Il y a eu des migrations interrompues, comme celles des peuples d’origine arabe vers la péninsule ibérique. Il y a eu des formes de migration programmée et partielle, mais non moins influente pour autant, comme celle des Européens vers l’est et le sud (d’où la naissance des nations dites « post-coloniales »), où les migrants ont malgré tout changé la culture des populations autochtones. Une phénoménologie des divers types de migration n’a pas encore été faite, me semble-t-il, mais une chose est certaine : les migrations sont différentes des immigrations. On n’a  » immigration  » que lorsque les immigrés (admis sur décisions politiques) acceptent en grande partie les coutumes du pays où ils immigrent, on a « migration » lorsque les migrants (que personne ne peut arrêter aux frontières) transforment radicalement la culture du territoire où ils migrent.
Quant à nous, après un XIXe siècle plein d’immigrants, nous nous trouvons aujourd’hui face à des phénomènes incertains : difficile de dire, dans un climat de grande mobilité, s’il s’agit de cas d’immigration ou de migration. Indubitablement, on a un flux irrépressible du sud vers le nord (les Africains ou les Moyen-Orientaux vers l’Europe), les Indiens de l’Inde ont envahi l’Afrique et les îles du Pacifique, les Chinois sont partout, les Japonais sont présents avec leurs organisations industrielles et économiques même quand ils ne se déplacent pas physiquement en masse.
Peut-on distinguer l’immigration de la migration, maintenant que la planète entière devient le territoire de déplacements croisés? Je crois que oui : je l’ai dit, les immigrations sont contrôlables politiquement, alors que les migrations au même titre que les phénomènes naturels ne le sont pas. Tant qu’il y a immigration, la population d’accueil peut espérer contenir les immigrés dans un ghetto, afin qu’ils ne se mélangent pas avec les natifs. Quand il y a migration, il n’est plus question de ghetto, et le métissage est incontrôlable.

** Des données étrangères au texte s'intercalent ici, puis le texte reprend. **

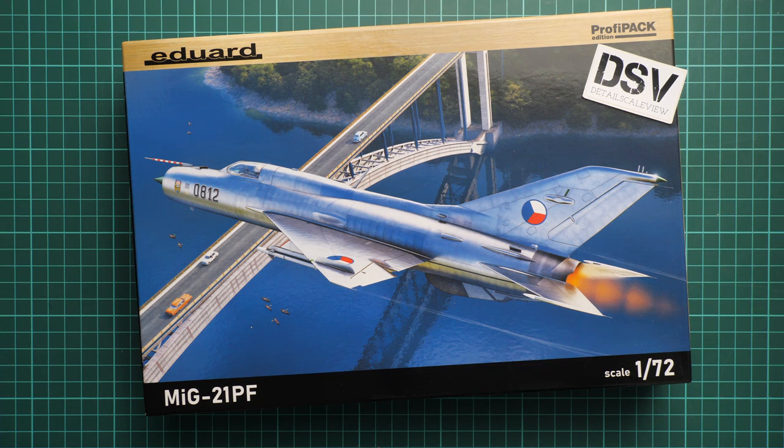Hello everyone, today we have a new video review. As you can see, this time we are going to talk about a fresh release from Eduard. This is a kit made in 1/72nd scale and it's quite interesting because it copies the MiG-21PF as a ProfiPack. Now we have a commercial sample, which means you will get exactly the same stuff as you'll see in this video review.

Les phénomènes que l’Europe essaie encore d’affronter comme de l’immigration sont en réalité des cas de migration. Le tiers monde frappe aux portes de l’Europe, et y pénètre même si elle n’est pas d’accord. Le problème n’est plus de décider (ainsi que les politiciens font semblant de le croire) si l’on doit admettre à Paris des étudiantes portant le tchador ou combien de mosquées on va construire à Rome. Le problème est de savoir que, au prochain millénaire (et, n’étant pas un prophète, je ne vous donnerai pas une date précise), l’Europe sera un continent multiracial ou, si vous préférez,  » coloré « . Et ce sera comme ça, que cela vous plaise ou non.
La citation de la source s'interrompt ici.